Tuesday, May 16, 2017

Killers of the Flower Moon by David Grann

Killers of the Flower Moon by David Grann was a really good book with the subtitle The Osage Murders and the Birth of the FBI. The book is split into three sections, with the first the story of the Osage Indians and deaths of many in and around the 1920s, the second on the FBI pursuit of the killers, and third an important postscript on the murders close to 100 years later.

Grann writes early in the book of how the Osage were considered the wealthiest people in the world per capita due to royalties from oil drilling on their Oklahoma land, which they had purchased after being pushed there by the federal government in the 1870s. Individual members of the tribe had a headright, or share in the mineral trust, and collectively they received in 1923 more than $30M, the equivalent of $400M today.

With the wealth of the Osage, there was a systematic exploitation of them, both by whites grossly overcharging for goods and services and the government denying many Osage of the ability to control their money. The Office of Indian Affairs could determine whether a particular member of the tribe capable of handling their funds, and if not, guardians, usually prominent whites, would do it. Full blooded Osage Indians were almost always declared unfit to handle their money and had guardians appointed over them, which led to the murders of tribe members as guardians would consolidate power over the headright funds and get at the money.

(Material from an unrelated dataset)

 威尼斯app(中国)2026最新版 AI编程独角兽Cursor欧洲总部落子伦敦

The book begins with the murder by gunshot of Anna Burkhart in May 1921, notes how her sister Minnie had died from an unexplained illness three years prior, and not long after Anna’s death, mother Lizzie, and other sister Rita died, with Rita’s death coming from her house being blown up along with husband Bill Smith and their servant Nettie Brookshire. There were other murders as well around this time, with the methods including additional fatal gunshots, poisonings, and someone found dead after being thrown from a train. Following the house bombing, the Osage saw that local law enforcement seemed uninterested, if not complicit, in the crimes and urged the Federal Government to investigate what would become known as the Osage Reign of Terror.

The second section of the book details FBI involvement in the case, coinciding with the rise of J. Edgar Hoover, who was newly in charge of the Bureau of Investigation in 1925 and dispatched agent Tom White to investigate the murders. White and his team built a case for the house bombing against Mollie Burkhart’s husband, a white man named Ernest Burkhart, and his uncle, the prominent cattleman William K. Hale, seen as a friend of the Osage and well connected politically. Headrights got passed along by inheritance and Mollie's family being targeted meant everything was getting passed to her, with the money then controlled by Ernest and Hale.

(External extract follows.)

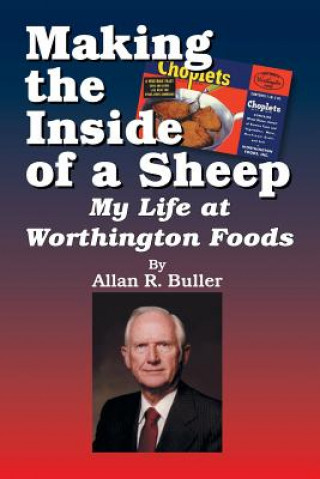 Книга Making the Inside of a Sheep Allan R. Buller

While the first parts of the book interesting, the third takes it to a different level with how it reveals the government stating the murders solved, declaring victory, and moving on, when killers very much remained free. The section switches to first person writing by Grann, with him finding the murder of W.W. Vaughn likely committed by H.G. Burt, a businessman and confidant of Hale's. Additionally, government accounts of the Reign of Terror have it from 1921 to 1926 and all about Hale, but Grann found cases of Osage being killed for their headrights as early as 1918 and late as 1931, while Hale in jail. The Bureau estimated 24 murders, but the number likely much higher and the death rates were particular high for Osage who had guardians in control of the wealth of more than one in the tribe. It was a much bigger story than Hoover wanted told and the book's ending includes a quote from an elderly current Osage with "this land is saturated with blood."